GUAM
Santa Marian Kamalen Park

Across the street from the kombento a small park with a marble statue of Santa Marian Kamalen. There is a plaque explaining that according to local legend, the site is where a fisherman from Malesso’/Merizo was fishing in the bay, between Malesso’ and Cocos Island, when he spotted a statue of the Virgin Mary being carried by two golden crabs. (Photo by George Miller, 2014)

Editor’s Note: Every year on Dec. 8 – an island-wide holiday – Catholics flock to the Dulce Nombre de Maria Cathedral-Basilica to honor Guam’s patron saint.
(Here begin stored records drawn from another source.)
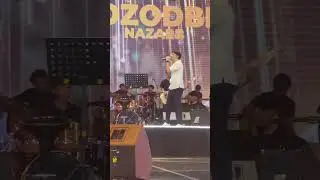 Konsertda ustozimiz Ozodbek Nazarbekov qo'shiqlaridan ijro qildik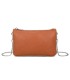 SG001 -  Bolso bandolera para mujer con cadena plateada y dos compartimentos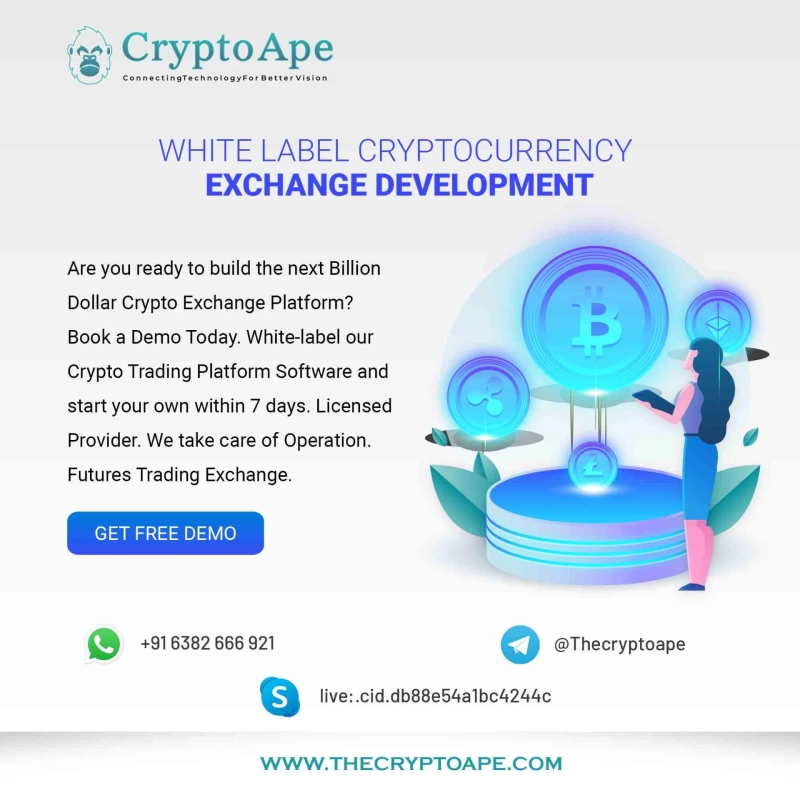 In what ways do you determine the development cost of white-label cryptocurrency exchanges?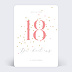 Invitation anniversaire Milestone Petits Pois
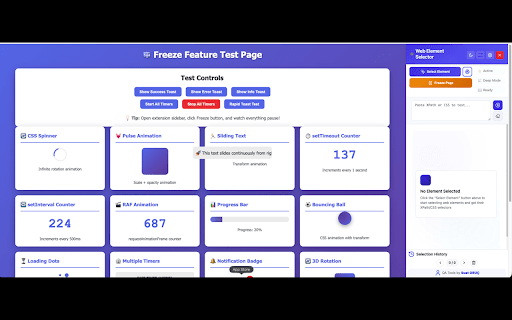 Web Element Selector :: Advanced element locator with AI-powered xpath and css selector generation. Supports ChatGPT, Gemini, DeepSeek, and Claude.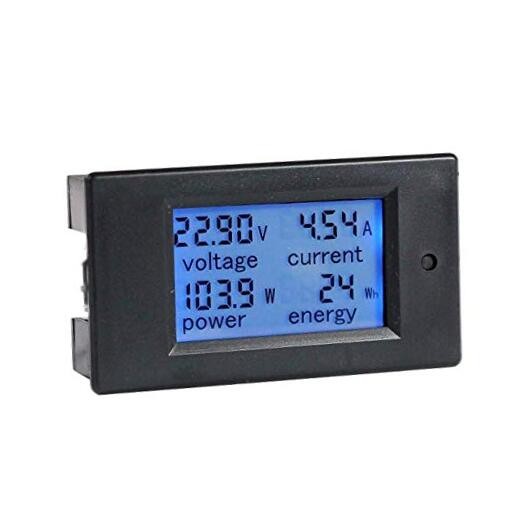 LCD Display Digital Ammeter Voltmeter Multimeter Current DC 6.5-100V 0-20A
No source better chronicles the history and mystery behind this centuries-old phenomenon than Guampedia.

Patron Saint of Guam

Santa Marian Kamalen, also known as Our Lady of Camarin, is the patron saint of Guam. The 300-year-old Santa Marian Kamalen statue is a revered icon, and although its origins are unknown, they are explained through oral tradition. Every year on December 8, the Feast of the Immaculate Conception is celebrated, and Guam Catholics turn out by the thousands in Hagåtña to honor Santa Marian Kamalen in a procession around the island’s capital.

Each year the Santa Marian Kamelen statue is taken down from her niche in the Dulce Nombre de Maria Cathedral-Basilica in Hagåtña for the procession on the Feast of the Immaculate Conception.
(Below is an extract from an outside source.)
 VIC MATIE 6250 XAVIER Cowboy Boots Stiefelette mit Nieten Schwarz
Each year the Santa Marian Kamelen statue is taken down from her niche in the Dulce Nombre de Maria Cathedral-Basilica in Hagåtña for the procession on the Feast of the Immaculate Conception. (Paul Guerrero)

The Cathedral in Hagåtña/Agana was packed with parishioners on the morning of December 8, 1941, during the Mass in celebration of the Feast of the Immaculate Conception.

The Cathedral in Hagåtña/Agana was packed with parishioners on the morning of December 8, 1941, during the Mass in celebration of the Feast of the Immaculate Conception. (Sanchez collection and by Don Farrell’s The Pictorial History of Guam: The Sacrifice, 1919-1943)

Santa Barbara Catholic School gather for the Santa Marian Kamalen procession.

Santa Barbara Catholic School gather for the Santa Marian Kamalen procession. (Santa Barbara Catholic School)

The statue of Santa Marian Kamalen is 28 3/4 inches tall and weighs 48 1/2 pounds. It is made of wood, except for the ivory face and folded hands. She is painted with a regal pink and blue gown and sits high in the Dulce Nombre de Maria Cathedral-Basilica in Hagåtña in a niche in the sanctuary wall behind the altar.

Santa Marian Kamalen’s origins are shrouded in legend and she was the subject of front-page headlines when she was stolen from her home in the cathedral on three separate occasions in the last few decades. She is one of the most important icons in Guam’s history, religious or otherwise. A longtime effort to place a replica of the statue in the Basilica of the National Shrine of the Immaculate Conception in Washington D.C. was realized in 2006.

Legendary origins

Santa Marian Kamalen, also known as Our Lady of Camarin, is the patron saint of Guam.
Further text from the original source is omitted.